■ Your task
Please repeat the records exactly, keeping the pictures out.

*** Excerpted records

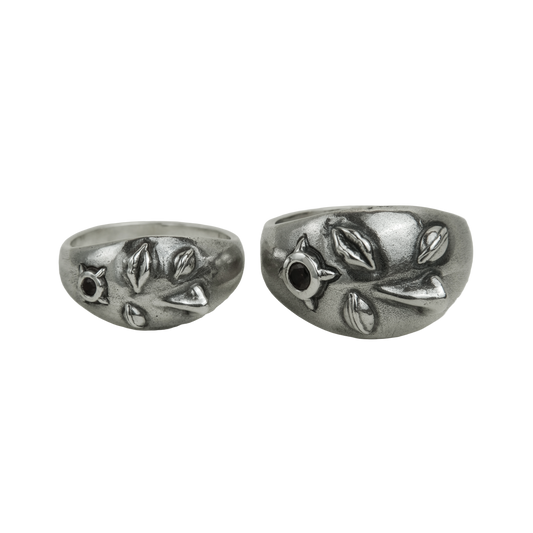 Behelit/Beherit rings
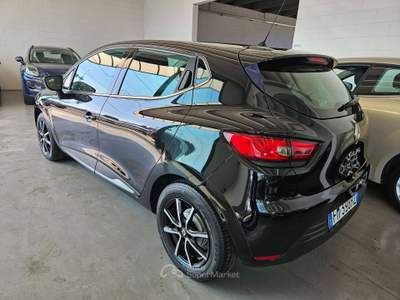 Renault Clio 0.9 GPL  tce energy Life  90cv/NEOPATENTATI Nero usata Martinengo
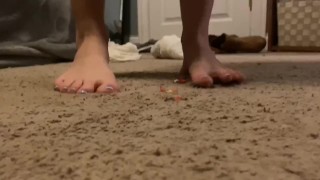 Giantess Kristine 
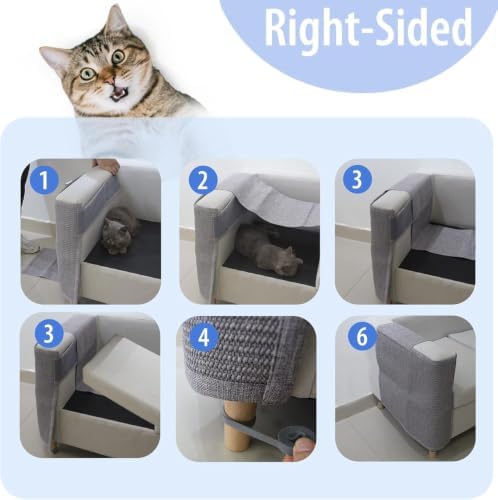 Cat Scratch Couch Protector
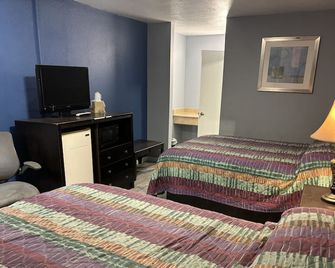Cook's Motel- Panama City Beach - Panama City Beach - Bedroom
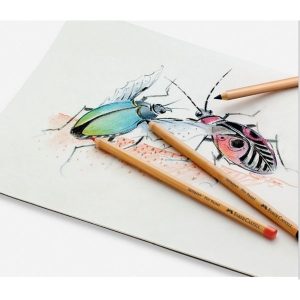 PITT OIL BASE PENCILS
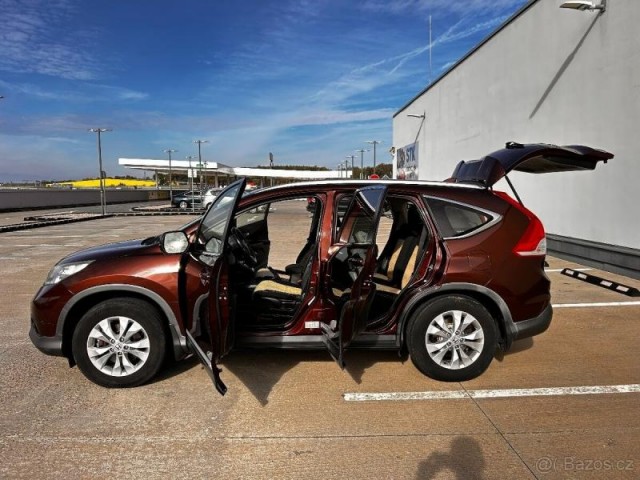 Honda CR-V 2,2   i-DTEC 4x4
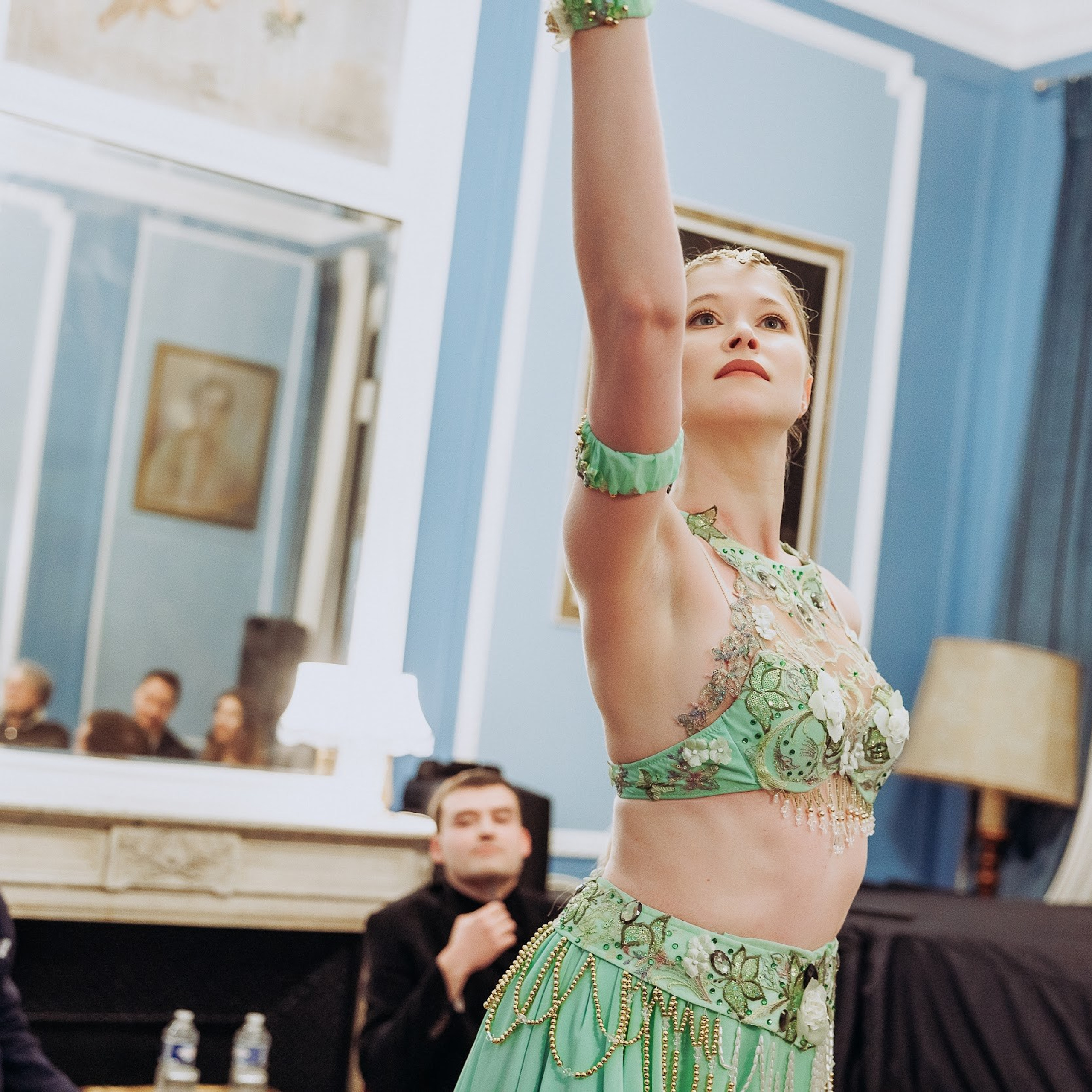 Michel Canesi à la présentation de son livre (éditions Plon). Photographe à Paris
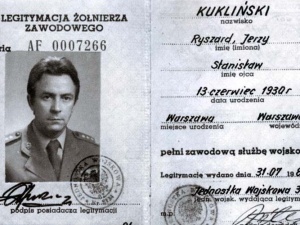 Jerzy Bukowski: Kukliński o agenturze
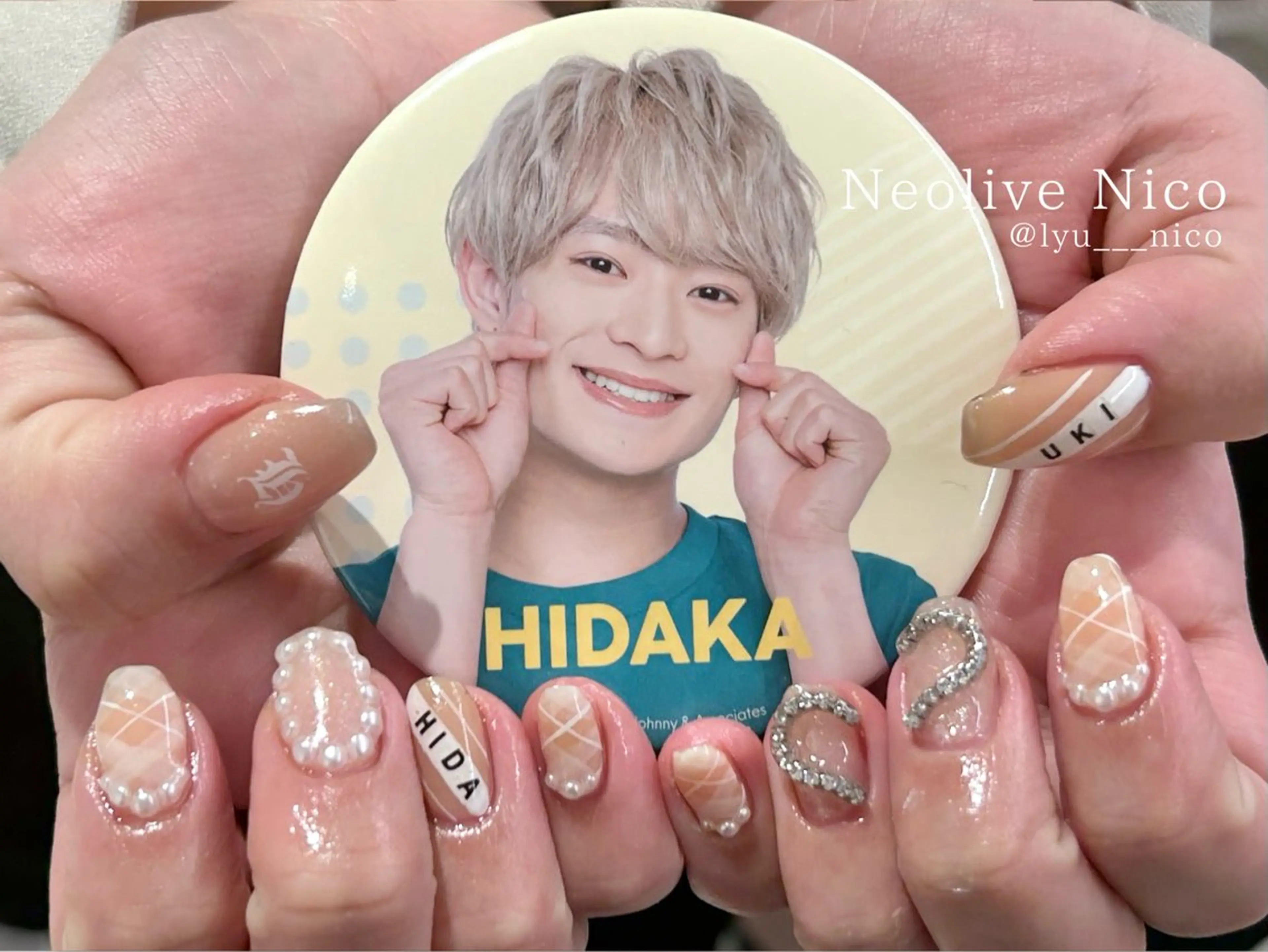 ネイル ハンドネイル 髙橋 直央のその他イメージ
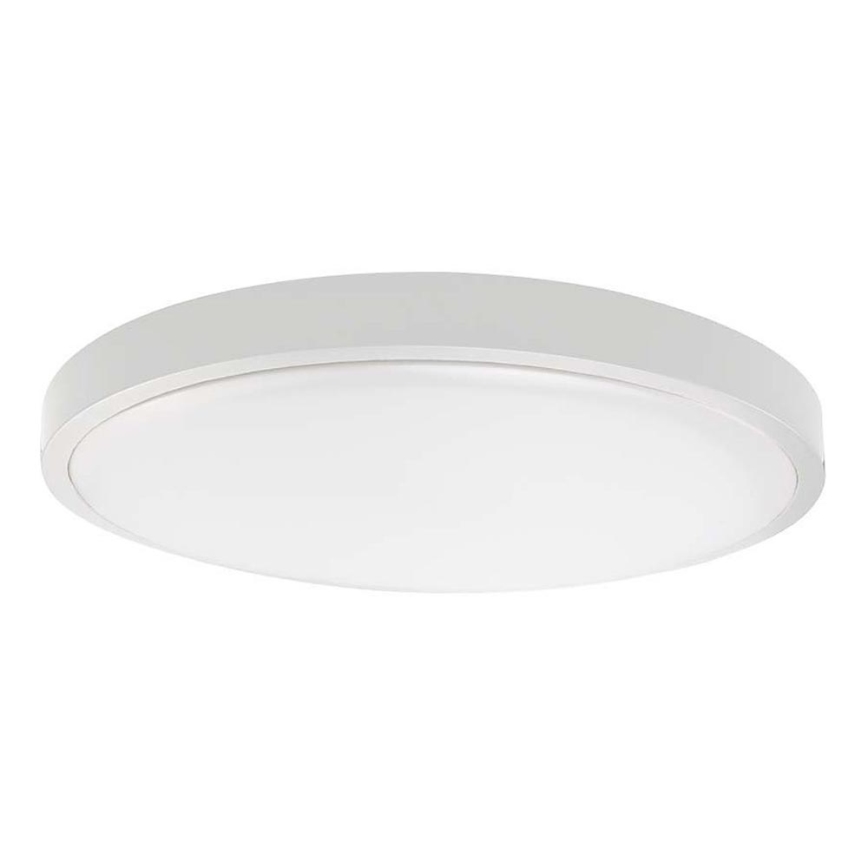 LED Plafon łazienkowy LED/18W/230V 3000K IP44 śr. 22,5 cm biały
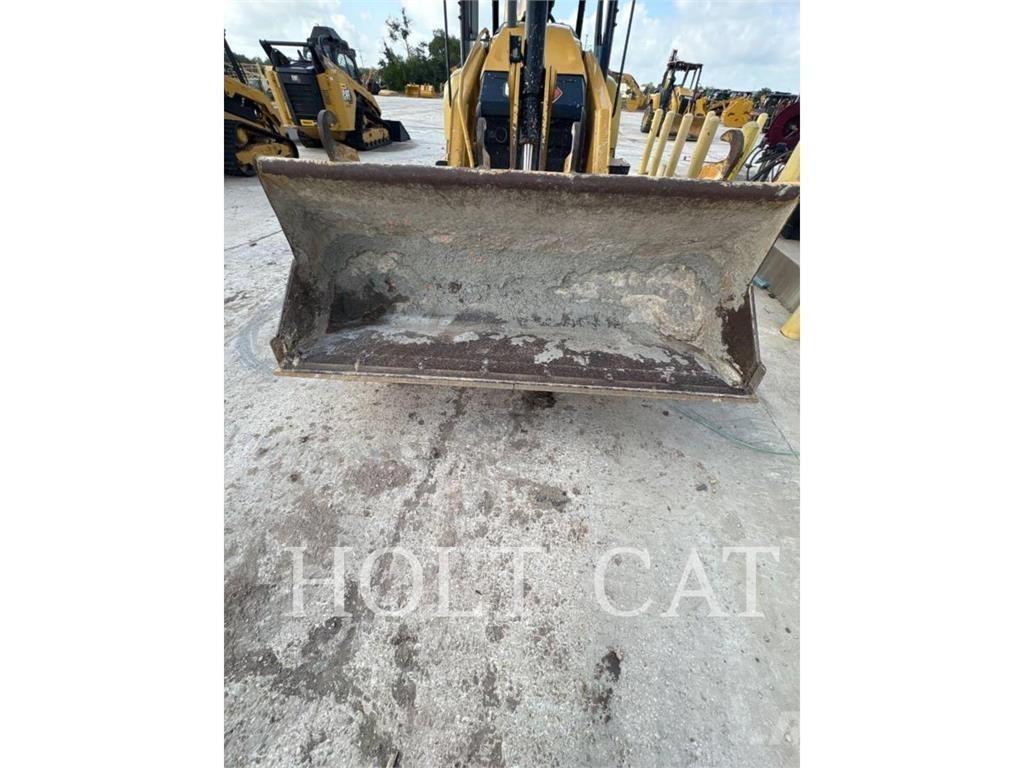 CAT 416 4SX Grävlastare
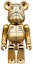 Order Bearbrick x BAPE x Hajime Sorayama 100% & 400% Set 'Camuflaje Tiburón Oro'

******

■ Response for this exercise
 Behelit/Beherit rings
 Renault Clio 0.9 GPL  tce energy Life  90cv/NEOPATENTATI Nero usata Martinengo
 Giantess Kristine 
 Cat Scratch Couch Protector
Cook's Motel- Panama City Beach - Panama City Beach - Bedroom
 PITT OIL BASE PENCILS
 Honda CR-V 2,2   i-DTEC 4x4
 Michel Canesi à la présentation de son livre (éditions Plon). Photographe à Paris
 Jerzy Bukowski: Kukliński o agenturze
 ネイル ハンドネイル 髙橋 直央のその他イメージ
 LED Plafon łazienkowy LED/18W/230V 3000K IP44 śr. 22,5 cm biały
 CAT 416 4SX Grävlastare
 Order Bearbrick x BAPE x Hajime Sorayama 100% & 400% Set 'Camuflaje Tiburón Oro'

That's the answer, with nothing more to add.